Ev sahibim devasa televizyonundan Amazon Prime'ı açıp filmi seçerken ben de onu izliyordum. Beni eve getirdiği günden beri saçma sapan huylarından vazgeçmişti. Bana bakış şekli bile değişmişti. Artık bana yavşamıyordu. Doğru daha birkaç saat önce kucağına oturtmuştu ama olsun. En azından bir yerlerime dokunmamış, sadece oyunu öğretmekle yetinmişti. İçten davranışları ne yalan söyleyeyim beni de baya rahatlatmışlardı. Hala tetikteydim tabi, ama en azından acaba şimdi ne yapacak diye tedirginlik içinde değildim. Ben gözlerim dalmış düşüncelerimde kaybolmuşken William bana dönüp göz kırparak gülümsedi ve elindeki kumandayla televizyonu işaret etti.
"Hazırsan başlayalım."
*
Film başladığında gayet sıradan gelmişti. El kamerasıyla çekilmişti ve benim bu tür filmlere hiç tahammülüm yoktu. Ancak dakikalar ilerledikçe gerilim artmaya başlamıştı. Öyle ki yatağında uyuyan yakışıklı adam kendisini yiyecek olan hayaleti gördüğünde bütün yuttuğum mısır neredeyse soluk boruma kaçıp nalları dikmeme sebep olacaktı.
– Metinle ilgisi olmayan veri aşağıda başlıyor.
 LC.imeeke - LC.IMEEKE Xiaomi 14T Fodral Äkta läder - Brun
Film nihayet bittiğinde ben de bitmiştim. Filmdeki herkes ölmüştü. Bu ne biçim filmdi böyle!
"Beğendin mi?"
William'a dönüp kocaman gülümsedim. Evet, filmde tüm ana karakterlerin ölmesi gerçeği dışında filmi beğenmiştim. Çok esrarengiz bir şeydi. İsa şahidim film hoşuma gitmişti.
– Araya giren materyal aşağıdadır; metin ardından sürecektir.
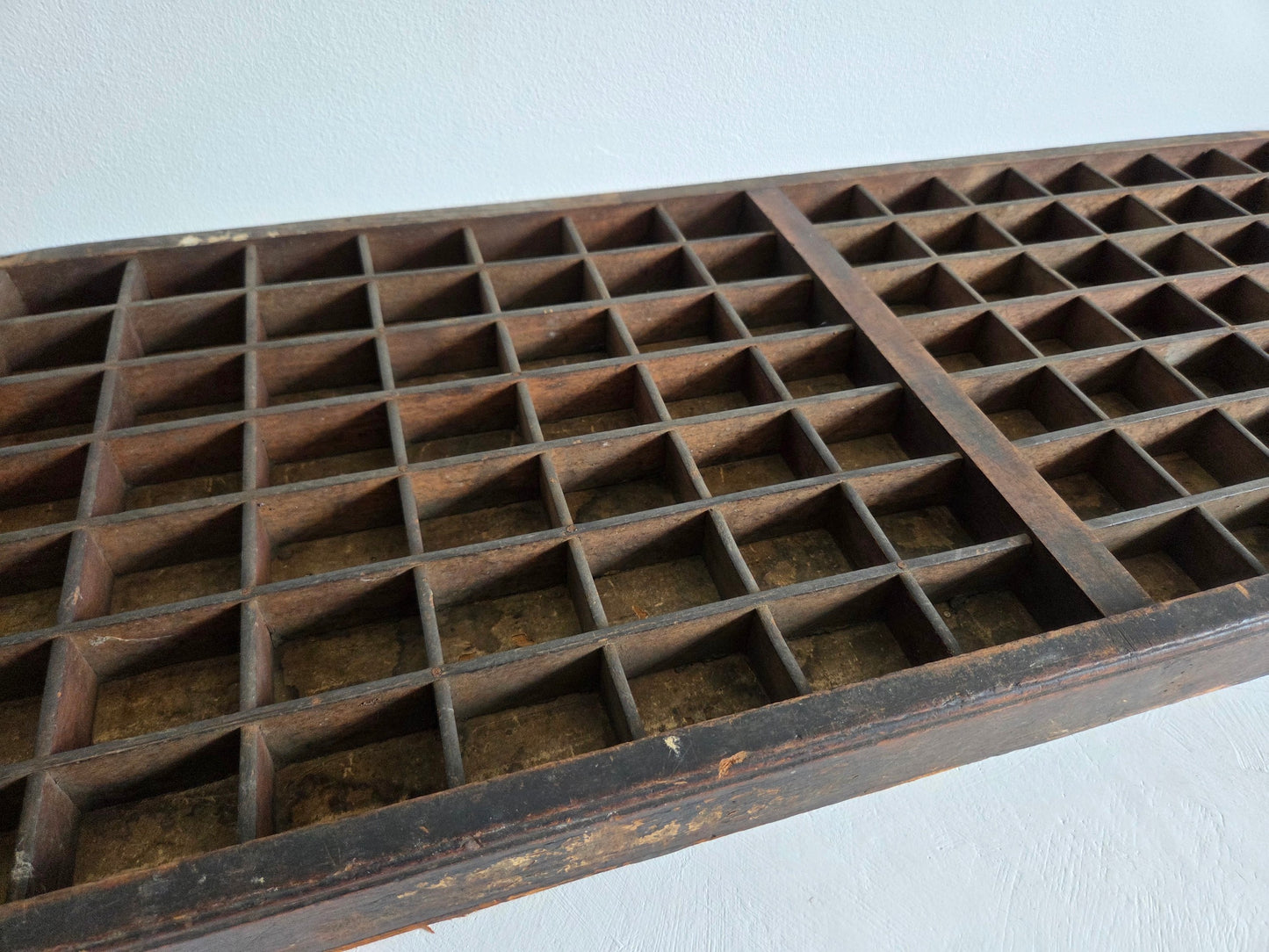 houten letterbak drukkerij 98 vakjes zonder handgrepen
İçi boşalmış kaseleri ve bardakları toplayıp makineye koymasına yardım ettikten sonra dişlerimizi fırçalamak için beraber banyoya gittik. Evde iki banyo vardı evet fakat izlediğim filmden sonra kalkıp tek başıma ebeveyn banyosuna çıkacak göt yoktu bende. William yanımda olduğu halde hayalet gelir korkusuyla ikide bir aynadan doğru koridora açılan kapıyı kontrol ediyordum zaten.
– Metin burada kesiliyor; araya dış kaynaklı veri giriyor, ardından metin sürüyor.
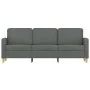 Sofá de 3 plazas de tela gris oscuro 180 cm by , Sofas - Ref: Foro24-359487, Price: 294,22 €, Discount: %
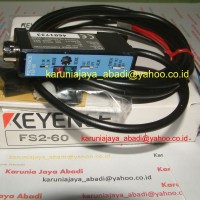 FS2-60 Keyence Fiber Amplifier , Cable type , NPN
Dişleri fırçalama işi de bitip nihayet yatma vakti geldiğinde William kendisini takip etmemi söyleyip yatak odasına çıktı. Odaya girdiğimizde yataktaki yastıklardan birini alıp bana iyi geceler diledikten sonra kapıya doğru yürüdü. Niyetini anladığımda peşinden koşup durdurdum. Evde misafir olan bendim. Birisi koltukta yatacaksa o kişi ben olmalıydım. Zaten adamın koltukları benim yurttaki yatağımdan bile daha konforluydu yani sıkıntı olmazdı benim için.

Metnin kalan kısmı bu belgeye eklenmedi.